• TASK GOAL
Go through the entries below and print, exactly, the lines starting at the one with "Scenic view of" and ending at the one with "Glædelig mandlig doktor", keeping both ends and no others.
(Beginning of RAW DATA)
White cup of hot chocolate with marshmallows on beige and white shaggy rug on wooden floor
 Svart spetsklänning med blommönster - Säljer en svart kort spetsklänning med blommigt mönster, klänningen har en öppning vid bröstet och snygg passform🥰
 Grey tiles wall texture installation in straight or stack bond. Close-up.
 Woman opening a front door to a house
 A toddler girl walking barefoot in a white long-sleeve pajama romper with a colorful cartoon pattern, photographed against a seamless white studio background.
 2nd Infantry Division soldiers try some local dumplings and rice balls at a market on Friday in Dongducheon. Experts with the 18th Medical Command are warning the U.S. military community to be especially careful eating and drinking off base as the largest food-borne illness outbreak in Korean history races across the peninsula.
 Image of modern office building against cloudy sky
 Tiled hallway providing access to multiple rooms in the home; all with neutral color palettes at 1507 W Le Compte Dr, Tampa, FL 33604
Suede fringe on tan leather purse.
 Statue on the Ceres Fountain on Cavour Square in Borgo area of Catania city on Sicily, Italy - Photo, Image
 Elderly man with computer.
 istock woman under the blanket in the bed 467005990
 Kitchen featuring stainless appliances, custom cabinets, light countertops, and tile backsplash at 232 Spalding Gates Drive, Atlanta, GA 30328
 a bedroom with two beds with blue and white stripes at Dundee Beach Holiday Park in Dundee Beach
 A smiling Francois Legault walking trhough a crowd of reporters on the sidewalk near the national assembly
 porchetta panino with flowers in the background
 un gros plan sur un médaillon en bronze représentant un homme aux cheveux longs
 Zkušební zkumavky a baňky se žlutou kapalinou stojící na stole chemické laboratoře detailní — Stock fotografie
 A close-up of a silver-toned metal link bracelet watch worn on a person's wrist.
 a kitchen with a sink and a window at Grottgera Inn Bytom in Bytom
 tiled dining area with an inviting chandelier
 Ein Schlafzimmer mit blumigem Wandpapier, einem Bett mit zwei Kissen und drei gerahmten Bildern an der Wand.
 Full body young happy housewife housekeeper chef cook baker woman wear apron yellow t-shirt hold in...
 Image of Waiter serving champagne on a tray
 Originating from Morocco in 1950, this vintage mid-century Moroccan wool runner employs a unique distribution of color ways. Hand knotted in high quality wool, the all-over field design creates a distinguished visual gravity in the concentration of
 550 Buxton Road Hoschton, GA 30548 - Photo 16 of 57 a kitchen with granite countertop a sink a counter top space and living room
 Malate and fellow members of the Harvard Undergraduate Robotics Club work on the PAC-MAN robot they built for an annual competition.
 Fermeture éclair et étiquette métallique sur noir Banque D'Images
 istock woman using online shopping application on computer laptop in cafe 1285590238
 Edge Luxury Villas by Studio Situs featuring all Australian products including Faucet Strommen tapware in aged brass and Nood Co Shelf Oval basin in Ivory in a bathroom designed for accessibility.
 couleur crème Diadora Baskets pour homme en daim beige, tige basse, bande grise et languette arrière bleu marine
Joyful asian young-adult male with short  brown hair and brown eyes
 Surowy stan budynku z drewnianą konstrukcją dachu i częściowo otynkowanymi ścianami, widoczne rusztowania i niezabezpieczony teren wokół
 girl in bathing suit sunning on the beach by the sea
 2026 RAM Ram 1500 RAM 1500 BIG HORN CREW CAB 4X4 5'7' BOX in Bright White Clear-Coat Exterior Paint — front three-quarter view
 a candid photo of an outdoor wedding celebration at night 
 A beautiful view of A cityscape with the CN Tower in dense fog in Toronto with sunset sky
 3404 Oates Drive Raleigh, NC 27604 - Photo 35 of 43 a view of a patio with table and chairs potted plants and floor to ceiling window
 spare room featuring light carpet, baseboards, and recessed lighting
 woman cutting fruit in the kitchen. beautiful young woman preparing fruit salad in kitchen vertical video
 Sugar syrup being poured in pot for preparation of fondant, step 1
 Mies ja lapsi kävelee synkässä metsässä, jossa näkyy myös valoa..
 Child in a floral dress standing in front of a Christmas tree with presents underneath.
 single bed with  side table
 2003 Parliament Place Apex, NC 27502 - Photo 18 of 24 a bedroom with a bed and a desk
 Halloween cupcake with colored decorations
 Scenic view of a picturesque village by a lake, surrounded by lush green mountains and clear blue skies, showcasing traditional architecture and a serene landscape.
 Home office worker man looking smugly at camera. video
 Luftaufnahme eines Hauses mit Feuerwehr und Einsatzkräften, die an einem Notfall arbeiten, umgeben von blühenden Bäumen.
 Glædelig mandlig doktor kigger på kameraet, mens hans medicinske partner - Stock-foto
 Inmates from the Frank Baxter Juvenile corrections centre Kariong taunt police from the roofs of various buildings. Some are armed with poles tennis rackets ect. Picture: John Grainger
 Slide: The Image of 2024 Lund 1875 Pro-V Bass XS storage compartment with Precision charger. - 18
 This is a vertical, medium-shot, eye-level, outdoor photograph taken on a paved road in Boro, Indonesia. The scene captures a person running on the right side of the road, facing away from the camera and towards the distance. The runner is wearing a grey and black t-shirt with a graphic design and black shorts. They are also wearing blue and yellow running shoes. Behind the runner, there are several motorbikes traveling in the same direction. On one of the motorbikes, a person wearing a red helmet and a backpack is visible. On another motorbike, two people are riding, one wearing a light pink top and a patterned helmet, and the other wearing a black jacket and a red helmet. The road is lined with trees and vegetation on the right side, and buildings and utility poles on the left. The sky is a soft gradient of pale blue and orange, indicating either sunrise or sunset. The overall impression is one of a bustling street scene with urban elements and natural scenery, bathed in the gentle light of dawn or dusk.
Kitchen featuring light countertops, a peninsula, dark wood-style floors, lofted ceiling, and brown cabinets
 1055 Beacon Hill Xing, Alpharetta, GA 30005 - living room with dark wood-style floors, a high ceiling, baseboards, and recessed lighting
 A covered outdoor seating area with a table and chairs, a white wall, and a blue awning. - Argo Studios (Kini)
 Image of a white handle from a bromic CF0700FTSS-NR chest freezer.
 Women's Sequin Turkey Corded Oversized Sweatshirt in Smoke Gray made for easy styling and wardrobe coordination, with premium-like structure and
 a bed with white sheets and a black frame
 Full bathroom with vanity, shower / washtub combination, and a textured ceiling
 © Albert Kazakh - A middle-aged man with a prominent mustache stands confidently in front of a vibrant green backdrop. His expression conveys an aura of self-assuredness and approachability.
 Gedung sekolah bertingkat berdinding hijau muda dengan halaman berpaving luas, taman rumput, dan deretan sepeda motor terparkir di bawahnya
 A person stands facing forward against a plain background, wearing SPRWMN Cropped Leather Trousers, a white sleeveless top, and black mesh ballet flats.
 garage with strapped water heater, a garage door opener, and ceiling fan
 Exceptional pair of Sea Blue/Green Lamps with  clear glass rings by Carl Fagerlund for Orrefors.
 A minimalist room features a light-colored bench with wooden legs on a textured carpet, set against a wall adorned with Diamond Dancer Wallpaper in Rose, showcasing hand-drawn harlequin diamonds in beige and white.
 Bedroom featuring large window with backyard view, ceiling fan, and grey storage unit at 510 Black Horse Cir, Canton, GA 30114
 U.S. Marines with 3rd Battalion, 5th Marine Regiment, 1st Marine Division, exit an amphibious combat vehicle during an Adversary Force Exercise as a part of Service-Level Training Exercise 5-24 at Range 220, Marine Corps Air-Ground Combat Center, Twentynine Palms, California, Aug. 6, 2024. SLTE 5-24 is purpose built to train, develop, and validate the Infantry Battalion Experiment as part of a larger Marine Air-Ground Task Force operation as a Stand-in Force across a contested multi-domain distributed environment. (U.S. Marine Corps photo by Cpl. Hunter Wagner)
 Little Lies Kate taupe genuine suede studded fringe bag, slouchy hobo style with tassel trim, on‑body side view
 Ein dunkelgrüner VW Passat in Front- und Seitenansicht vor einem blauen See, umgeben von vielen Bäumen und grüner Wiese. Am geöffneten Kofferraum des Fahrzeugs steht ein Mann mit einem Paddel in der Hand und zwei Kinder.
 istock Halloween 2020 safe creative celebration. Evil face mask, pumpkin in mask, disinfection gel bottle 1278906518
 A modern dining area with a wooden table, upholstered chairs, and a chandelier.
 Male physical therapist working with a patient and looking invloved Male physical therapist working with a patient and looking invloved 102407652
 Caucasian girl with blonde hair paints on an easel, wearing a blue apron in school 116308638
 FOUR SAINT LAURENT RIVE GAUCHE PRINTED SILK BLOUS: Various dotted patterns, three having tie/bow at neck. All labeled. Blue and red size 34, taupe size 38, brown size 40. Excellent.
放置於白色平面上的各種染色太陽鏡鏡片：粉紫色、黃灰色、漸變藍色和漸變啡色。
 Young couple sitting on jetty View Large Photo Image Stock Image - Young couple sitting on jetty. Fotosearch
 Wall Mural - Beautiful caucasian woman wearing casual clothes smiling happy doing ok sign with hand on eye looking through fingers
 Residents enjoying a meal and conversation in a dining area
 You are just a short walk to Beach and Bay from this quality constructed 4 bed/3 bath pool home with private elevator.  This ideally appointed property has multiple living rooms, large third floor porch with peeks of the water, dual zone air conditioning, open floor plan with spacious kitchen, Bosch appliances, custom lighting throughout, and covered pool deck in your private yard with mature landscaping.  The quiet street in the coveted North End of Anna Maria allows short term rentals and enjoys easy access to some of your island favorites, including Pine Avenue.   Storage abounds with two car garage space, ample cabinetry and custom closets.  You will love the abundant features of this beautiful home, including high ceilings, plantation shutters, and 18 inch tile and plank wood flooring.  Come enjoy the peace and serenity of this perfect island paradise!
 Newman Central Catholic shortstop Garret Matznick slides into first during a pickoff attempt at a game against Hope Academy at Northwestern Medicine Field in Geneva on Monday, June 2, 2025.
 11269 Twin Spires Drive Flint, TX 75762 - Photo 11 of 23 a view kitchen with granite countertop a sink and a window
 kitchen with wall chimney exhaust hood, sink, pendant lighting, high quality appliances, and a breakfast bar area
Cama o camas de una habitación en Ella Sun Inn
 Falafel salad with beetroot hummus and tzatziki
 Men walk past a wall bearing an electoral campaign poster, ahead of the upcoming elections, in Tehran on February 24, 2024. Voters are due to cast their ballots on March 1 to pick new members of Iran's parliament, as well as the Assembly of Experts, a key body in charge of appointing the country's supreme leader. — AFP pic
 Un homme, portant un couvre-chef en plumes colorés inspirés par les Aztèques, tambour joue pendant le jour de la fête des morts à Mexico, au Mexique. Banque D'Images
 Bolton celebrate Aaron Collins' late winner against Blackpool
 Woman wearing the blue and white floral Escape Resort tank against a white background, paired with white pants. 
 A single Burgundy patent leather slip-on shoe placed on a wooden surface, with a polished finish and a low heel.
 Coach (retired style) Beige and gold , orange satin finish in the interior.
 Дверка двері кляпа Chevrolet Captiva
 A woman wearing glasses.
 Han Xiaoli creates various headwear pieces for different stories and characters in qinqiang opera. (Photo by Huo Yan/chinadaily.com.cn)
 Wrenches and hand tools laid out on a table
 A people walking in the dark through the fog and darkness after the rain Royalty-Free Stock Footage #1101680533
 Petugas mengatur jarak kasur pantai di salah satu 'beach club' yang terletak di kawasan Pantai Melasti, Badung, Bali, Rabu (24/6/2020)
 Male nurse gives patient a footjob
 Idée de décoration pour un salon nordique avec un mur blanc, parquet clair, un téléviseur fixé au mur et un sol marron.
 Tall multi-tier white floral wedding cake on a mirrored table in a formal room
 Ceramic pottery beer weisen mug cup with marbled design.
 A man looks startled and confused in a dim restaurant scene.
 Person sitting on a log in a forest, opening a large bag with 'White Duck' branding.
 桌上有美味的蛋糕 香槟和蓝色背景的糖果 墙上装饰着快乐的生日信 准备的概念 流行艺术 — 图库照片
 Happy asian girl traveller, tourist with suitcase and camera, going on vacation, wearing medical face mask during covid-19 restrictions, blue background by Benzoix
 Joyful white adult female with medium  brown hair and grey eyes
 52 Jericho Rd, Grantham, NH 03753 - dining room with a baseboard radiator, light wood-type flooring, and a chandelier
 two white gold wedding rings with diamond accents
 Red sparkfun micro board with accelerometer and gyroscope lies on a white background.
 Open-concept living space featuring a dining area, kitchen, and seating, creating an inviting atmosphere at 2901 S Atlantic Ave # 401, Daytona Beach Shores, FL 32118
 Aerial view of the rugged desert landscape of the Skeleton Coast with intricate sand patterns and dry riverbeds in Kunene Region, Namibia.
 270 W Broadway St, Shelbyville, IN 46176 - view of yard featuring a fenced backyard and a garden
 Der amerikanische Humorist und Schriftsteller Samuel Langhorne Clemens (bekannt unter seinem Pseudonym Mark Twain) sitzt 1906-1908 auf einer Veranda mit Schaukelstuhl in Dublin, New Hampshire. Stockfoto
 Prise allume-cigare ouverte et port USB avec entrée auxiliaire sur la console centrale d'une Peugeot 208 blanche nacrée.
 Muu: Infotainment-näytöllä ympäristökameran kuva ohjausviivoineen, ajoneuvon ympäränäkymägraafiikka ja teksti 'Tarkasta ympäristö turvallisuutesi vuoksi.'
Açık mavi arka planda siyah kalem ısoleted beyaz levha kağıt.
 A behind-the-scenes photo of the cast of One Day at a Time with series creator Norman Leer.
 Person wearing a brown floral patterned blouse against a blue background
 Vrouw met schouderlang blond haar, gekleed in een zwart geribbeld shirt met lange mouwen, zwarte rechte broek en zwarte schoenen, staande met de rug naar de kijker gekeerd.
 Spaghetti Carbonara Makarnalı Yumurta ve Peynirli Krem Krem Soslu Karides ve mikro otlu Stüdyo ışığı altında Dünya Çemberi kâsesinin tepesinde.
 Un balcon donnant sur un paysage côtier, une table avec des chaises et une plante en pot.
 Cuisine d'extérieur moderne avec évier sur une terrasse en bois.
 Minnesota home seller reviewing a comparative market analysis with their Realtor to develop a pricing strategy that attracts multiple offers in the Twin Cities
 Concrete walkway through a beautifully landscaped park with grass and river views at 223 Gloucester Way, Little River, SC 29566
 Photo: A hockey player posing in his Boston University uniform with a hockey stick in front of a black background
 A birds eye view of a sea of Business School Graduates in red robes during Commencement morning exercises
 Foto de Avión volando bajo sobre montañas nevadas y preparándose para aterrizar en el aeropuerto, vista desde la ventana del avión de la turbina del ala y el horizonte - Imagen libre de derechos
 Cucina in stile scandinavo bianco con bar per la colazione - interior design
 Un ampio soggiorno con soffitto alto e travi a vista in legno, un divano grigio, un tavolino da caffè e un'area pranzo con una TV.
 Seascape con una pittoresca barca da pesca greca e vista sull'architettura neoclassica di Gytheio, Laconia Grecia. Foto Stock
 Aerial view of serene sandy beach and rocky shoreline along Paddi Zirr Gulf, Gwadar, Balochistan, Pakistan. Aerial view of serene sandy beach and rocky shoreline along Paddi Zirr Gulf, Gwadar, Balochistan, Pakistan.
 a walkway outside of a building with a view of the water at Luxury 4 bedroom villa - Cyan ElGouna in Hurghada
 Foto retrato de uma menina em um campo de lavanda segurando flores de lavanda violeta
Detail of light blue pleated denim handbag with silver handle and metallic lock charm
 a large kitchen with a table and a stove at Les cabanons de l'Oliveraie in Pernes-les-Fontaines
(End of RAW DATA)
• RESULT OF THE EXERCISE
 Scenic view of a picturesque village by a lake, surrounded by lush green mountains and clear blue skies, showcasing traditional architecture and a serene landscape.
 Home office worker man looking smugly at camera. video
 Luftaufnahme eines Hauses mit Feuerwehr und Einsatzkräften, die an einem Notfall arbeiten, umgeben von blühenden Bäumen.
 Glædelig mandlig doktor kigger på kameraet, mens hans medicinske partner - Stock-foto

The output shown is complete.